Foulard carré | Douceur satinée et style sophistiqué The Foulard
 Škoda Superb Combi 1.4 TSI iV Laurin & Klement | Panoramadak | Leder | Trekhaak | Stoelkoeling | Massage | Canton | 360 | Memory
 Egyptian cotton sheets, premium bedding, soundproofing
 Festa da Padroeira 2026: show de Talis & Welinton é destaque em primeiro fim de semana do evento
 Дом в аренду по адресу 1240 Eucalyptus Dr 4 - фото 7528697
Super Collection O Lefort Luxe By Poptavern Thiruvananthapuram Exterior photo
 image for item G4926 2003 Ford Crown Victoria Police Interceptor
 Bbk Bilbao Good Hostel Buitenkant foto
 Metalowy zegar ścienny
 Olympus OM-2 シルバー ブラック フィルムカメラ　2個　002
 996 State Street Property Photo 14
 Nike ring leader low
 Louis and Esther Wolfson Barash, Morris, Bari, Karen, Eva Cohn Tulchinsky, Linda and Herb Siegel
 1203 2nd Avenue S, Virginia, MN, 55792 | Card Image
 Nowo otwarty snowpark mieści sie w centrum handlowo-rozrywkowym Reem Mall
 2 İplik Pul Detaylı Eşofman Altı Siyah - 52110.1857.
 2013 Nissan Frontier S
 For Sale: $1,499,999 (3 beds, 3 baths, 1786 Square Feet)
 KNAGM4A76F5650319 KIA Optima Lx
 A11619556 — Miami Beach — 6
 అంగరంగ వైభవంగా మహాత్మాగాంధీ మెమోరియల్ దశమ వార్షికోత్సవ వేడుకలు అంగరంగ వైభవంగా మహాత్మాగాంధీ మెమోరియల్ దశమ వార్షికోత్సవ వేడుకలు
· · · · ·
(Work order): What are the lines from the one containing "Bbk Bilbao Good Hostel Buitenkant foto" to the end of the material above? Return them exactly, and only them.

(Solution below):
 Bbk Bilbao Good Hostel Buitenkant foto
 Metalowy zegar ścienny
 Olympus OM-2 シルバー ブラック フィルムカメラ　2個　002
 996 State Street Property Photo 14
 Nike ring leader low
 Louis and Esther Wolfson Barash, Morris, Bari, Karen, Eva Cohn Tulchinsky, Linda and Herb Siegel
 1203 2nd Avenue S, Virginia, MN, 55792 | Card Image
 Nowo otwarty snowpark mieści sie w centrum handlowo-rozrywkowym Reem Mall
 2 İplik Pul Detaylı Eşofman Altı Siyah - 52110.1857.
 2013 Nissan Frontier S
 For Sale: $1,499,999 (3 beds, 3 baths, 1786 Square Feet)
 KNAGM4A76F5650319 KIA Optima Lx
 A11619556 — Miami Beach — 6
 అంగరంగ వైభవంగా మహాత్మాగాంధీ మెమోరియల్ దశమ వార్షికోత్సవ వేడుకలు అంగరంగ వైభవంగా మహాత్మాగాంధీ మెమోరియల్ దశమ వార్షికోత్సవ వేడుకలు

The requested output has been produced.